→ **Required action**:
Without any of its pictures, the listing below should be output exactly.

· · · ·

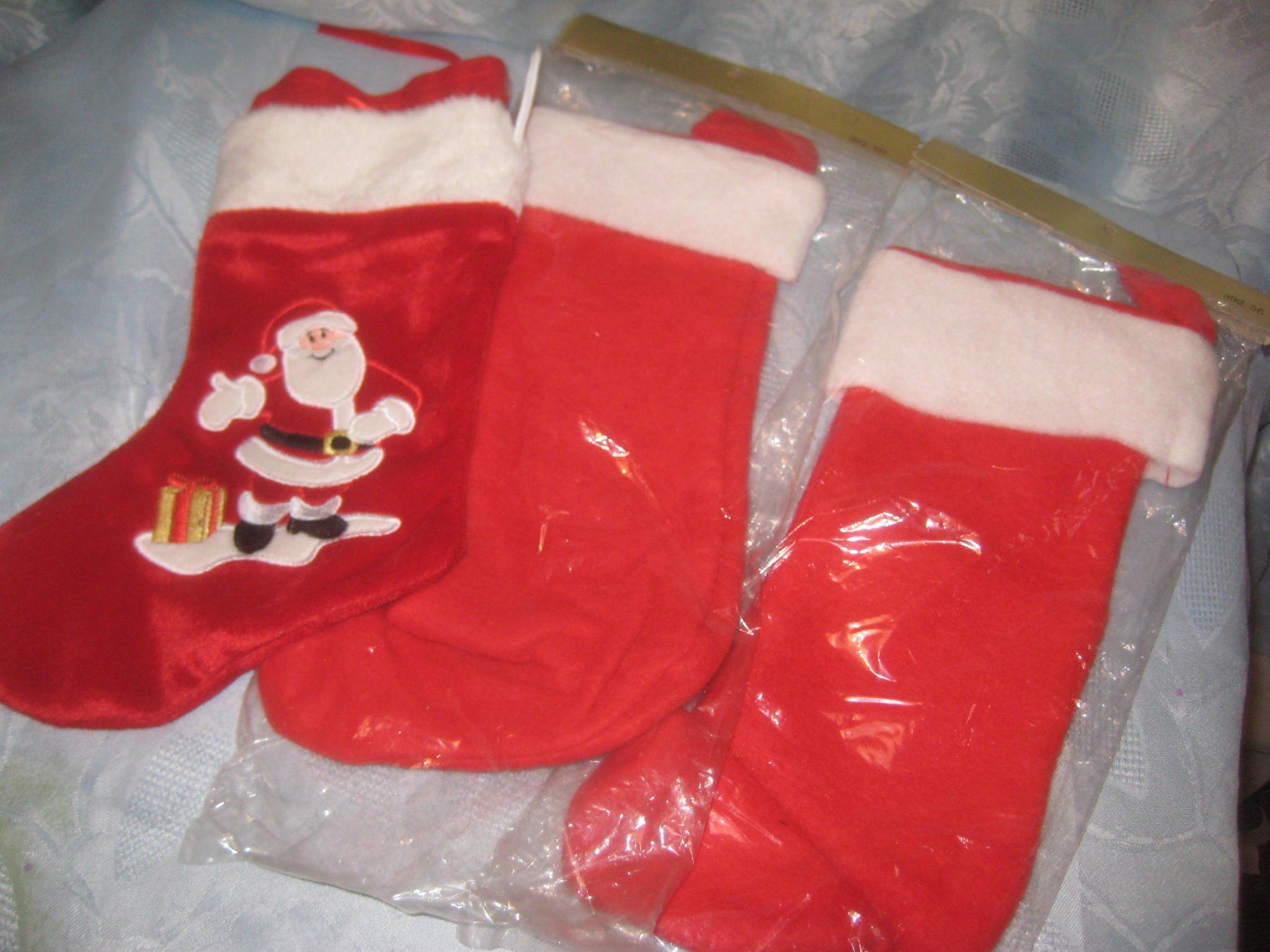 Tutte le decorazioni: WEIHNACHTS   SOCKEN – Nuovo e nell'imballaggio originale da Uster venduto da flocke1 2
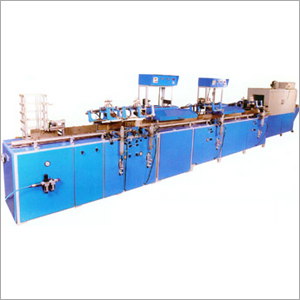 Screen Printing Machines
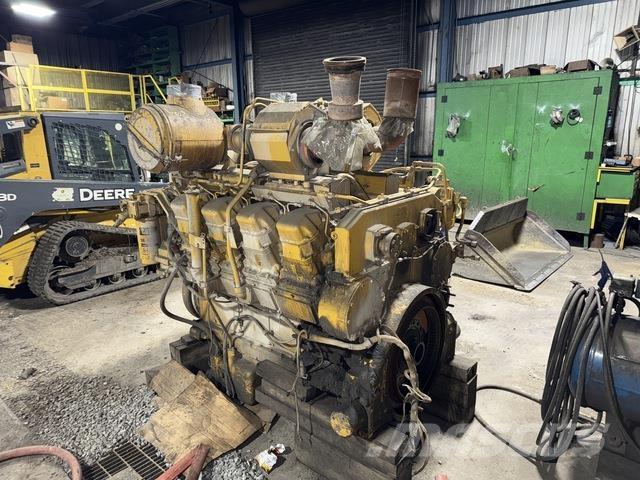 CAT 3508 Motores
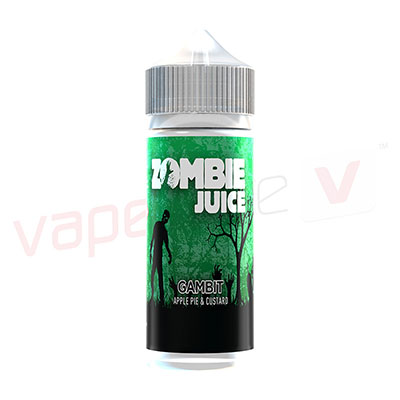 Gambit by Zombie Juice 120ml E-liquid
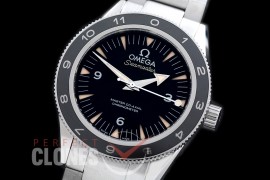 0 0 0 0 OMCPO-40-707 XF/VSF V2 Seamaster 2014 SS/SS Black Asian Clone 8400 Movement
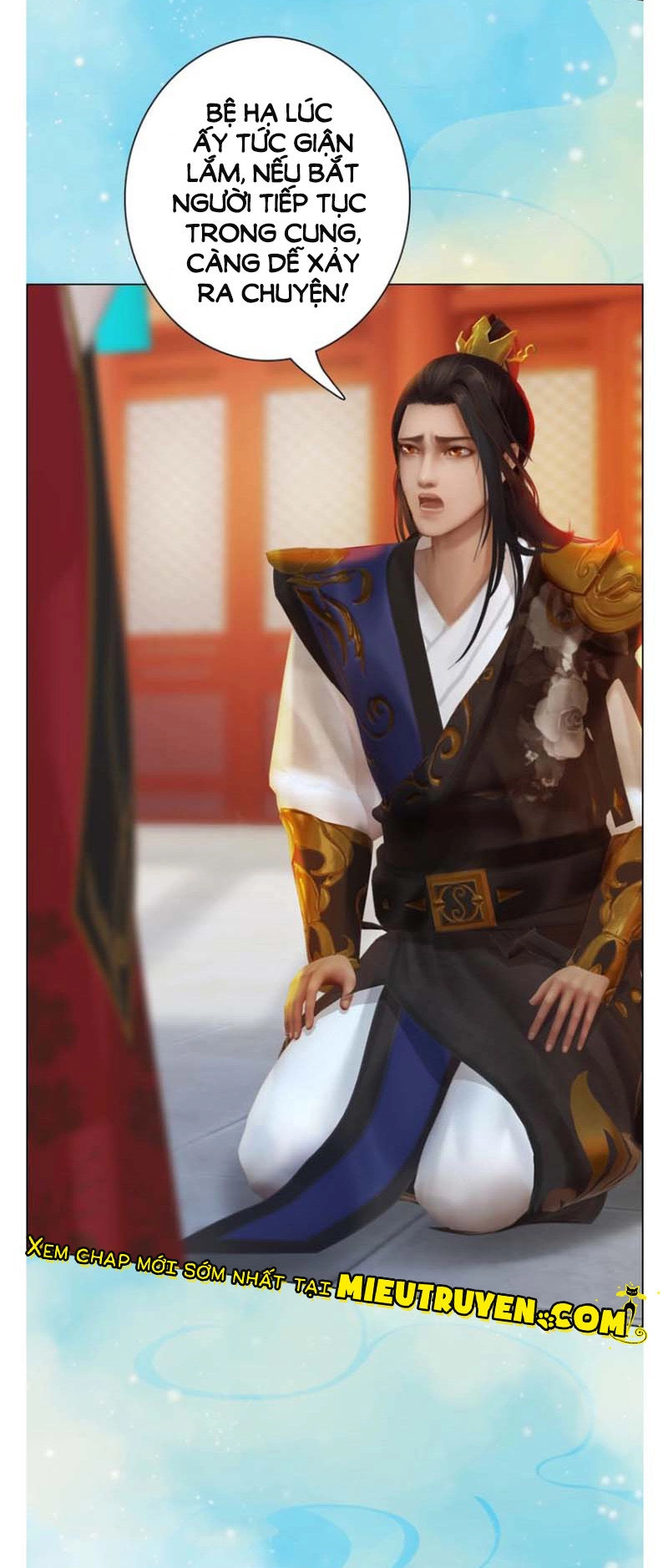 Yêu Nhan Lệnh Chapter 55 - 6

· · · ·

→ **Your solution**:
 Tutte le decorazioni: WEIHNACHTS   SOCKEN – Nuovo e nell'imballaggio originale da Uster venduto da flocke1 2
 Screen Printing Machines
 CAT 3508 Motores
 Gambit by Zombie Juice 120ml E-liquid
 0 0 0 0 OMCPO-40-707 XF/VSF V2 Seamaster 2014 SS/SS Black Asian Clone 8400 Movement
 Yêu Nhan Lệnh Chapter 55 - 6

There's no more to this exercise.